It’s just a group of people defending their “specialness” and salvation, and the “genius” of their Hero,
against other less-special “outsiders.” That is, a group setting itself up as being “more integral
than thou”—with us on the outside conversely being
less integral, and therefore not worth wasting time on, because we’ll “never understand anyway.”
Of course, it (i.e., how cults start) is not supposed to work that way, without deliberate
coercive persuasion or “brainwashing”
to close off a community and make people afraid to leave; but it certainly does work like that.

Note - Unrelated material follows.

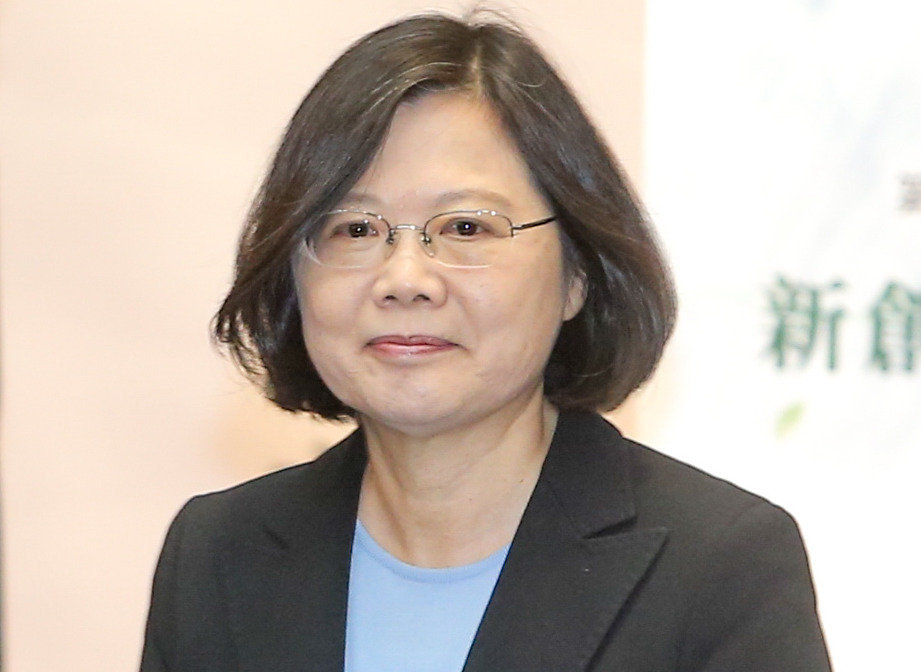 臺"法官協會"怒批蔡英文:向世界宣判臺灣司法已死 臺"法官協會"怒批蔡英文:向世界宣判臺灣司法已死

Sure, in a sense the members of the integral community were “tricked” into believing a bunch of
false ideas from the foolish Wilber himself.
But 98% of them wouldn’t have had it any other way. That is, if kw hadn’t fed them what they desperately
need to hear, with a veneer of science and rationality, they would have found someone else who would.

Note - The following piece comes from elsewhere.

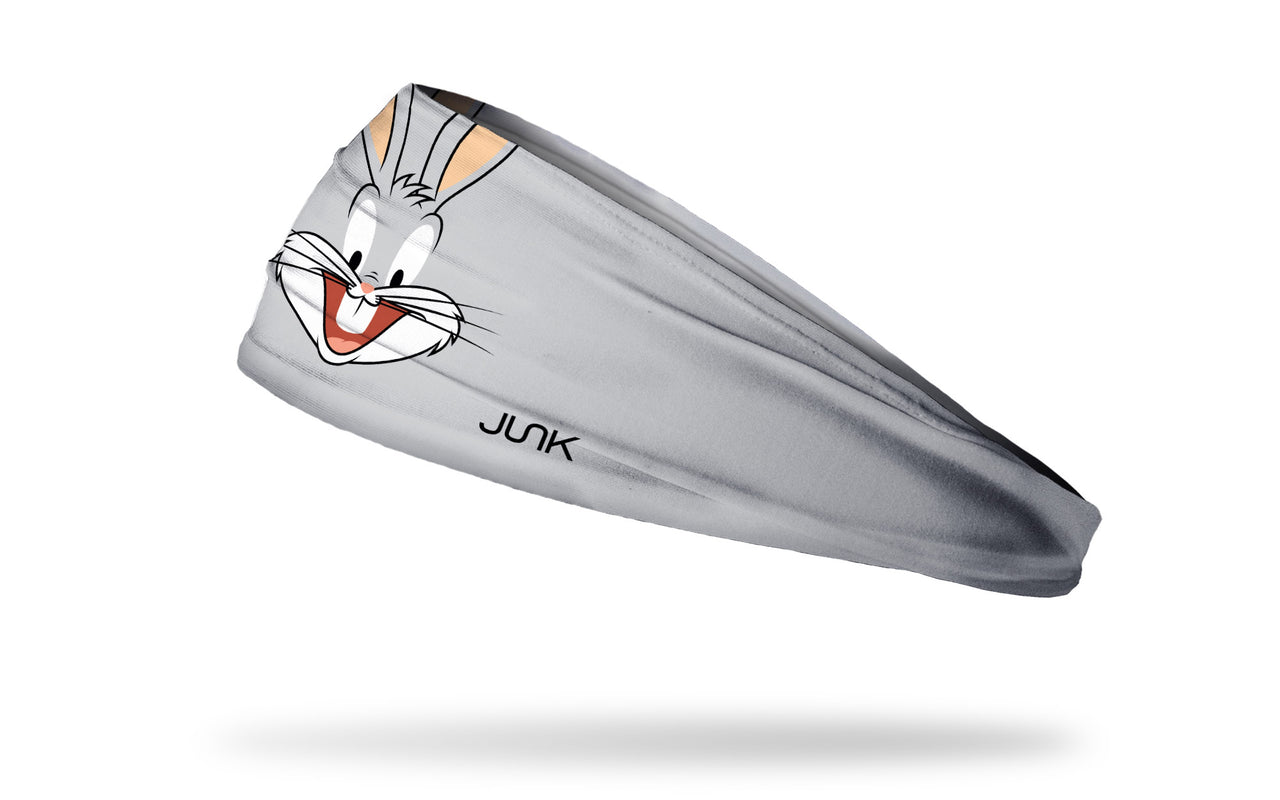 Looney Tunes: Bugs Bunny Oversized Headband - View 1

Some competent social psychologist should really take it as a project to study the Wilberian integral
community in detail for posterity,
recording its descent into a completely closed community, in which doubters are branded as heretics, by whatever
name, and good members are made to feel so special for being “integral” or second tier, as opposed to the
“axis of non-integrality”
outside, that they can’t bear to leave the community. For, that departure would equate to an admission of
failure in their “most important, prime directive” spiritual quest. Or did you think that the degree of
isolation from the
“real world,” and the “Us vs. Them” mentality of the Integral Emperor and his loyal subjects,
wasn’t going to get any worse than it already is? It can always get worse....
It would be intuitively plausible to say that the less sense one’s ideas make, the more they must be
protected from questioning by competent outsiders.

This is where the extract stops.